For one thing, it uses the language of cause and effect. Bertrand Russell was the first to point this out: the language of cause and effect is not the language which physicists use to describe reality. Consider F=ma. You might be tempted to say that the force is causing the mass m to accelerate at a rate of a; after all, if I were to vary the force, I will vary the acceleration. But if you vary the mass you'll vary the acceleration too: is the mass the cause of the acceleration?

And notice what was just said: "if I were to vary the force..." i.e. you have introduced an agent. And you have spoken counter-factually about this agent: the agent could have chosen to vary or not to vary the force. I.e. using the language of cause and effect presupposes that an agent is the cause, and has the choice to cause or not to cause. Using the language of cause and effect to describe a physical situation is ultimately an anthropomorphisation.

Cause and effect are part of what Dennet calls "the intensional stance" i.e. the language and vocabulary which we are forced to use when describing the behavior of intensional agents. In order to at all make an intensional agent's behavior understandable, we have to treat them as uncaused causers. When courting a spouse, or raising children, you quickly learn that people cannot be treated as deterministic, stimulus-response mechanism. You have to presuppose that they can freely choose how to react to you.

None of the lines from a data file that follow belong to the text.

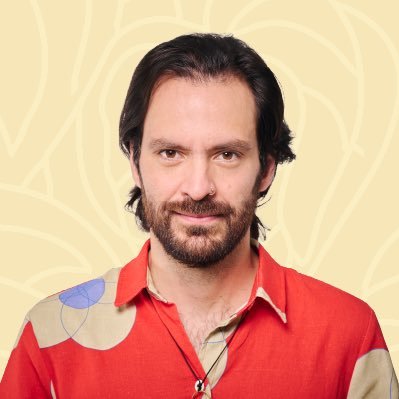 Camilo Quintero Giraldo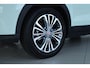 Leapmotor T03 Design 37.3 kWh | €1500,- korting !! | Achteruitrijcamera | Cruise control adaptief | DAB ontvanger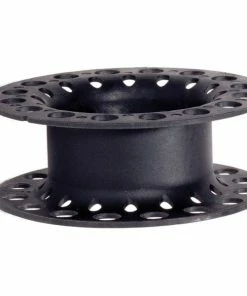 Leeda RTF LA Spare Spool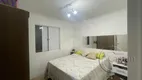 Foto 10 de Apartamento com 3 Quartos à venda, 61m² em Vila Ema, São Paulo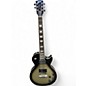 Used 2023 Gibson 1979 Adam Jones Les Paul Aged Silver Burst Solid Body Electric Guitar thumbnail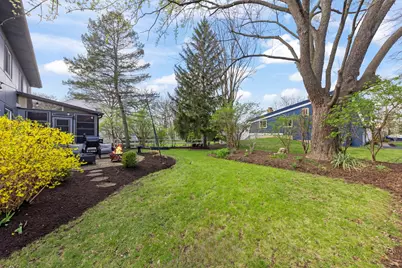 1925 Coach Drive, Naperville, IL 60565 - Photo 12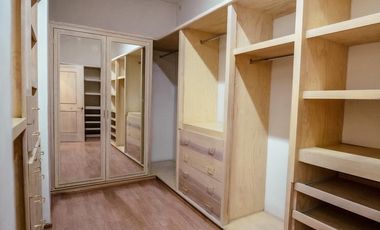 Casas en Venta en Trojes de Kristal al norte de Aguascalientes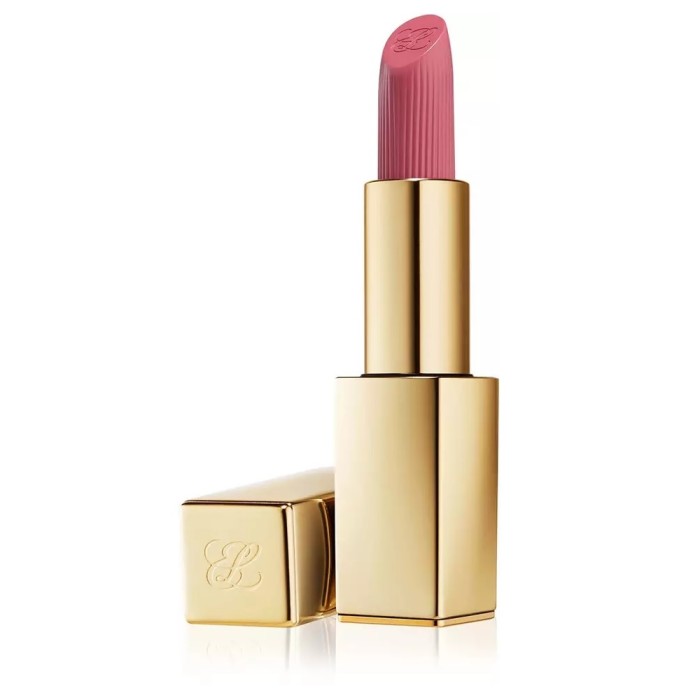 Estee Lauder Pure Color Emerald Creme 410 Dynamic - 1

The question of whether or not we have free will is therefore, not a question of whether we have to presuppose that we have free will; we do. Its just a question of whether the language of the intentional stance is merely a useful heuristic.

But arguing against free will by invoking the language of cause and effect, as the above definition does, is a category mistake, akin to arguing that 1 + 1 can't equal 2, because green + green equals green.

1 comments

> Alas, the author has inadvertently presupposed the existence of agents with free will

The existence of agents, not the existence of free will.

> For one thing, it uses the language of cause and effect ... is the mass the cause of the acceleration?

Completely irrelevant.

> In order to at all make an intensional agent's behavior understandable, we have to treat them as uncaused causers.

Since your argument feels like 'language games' in places, let me play one too: "We have to treat x as y" strongly implies that x is not y, but it's useful to pretend that it is.

> And you have spoken counter-factually about this agent: the agent could have chosen to vary or not to vary the force.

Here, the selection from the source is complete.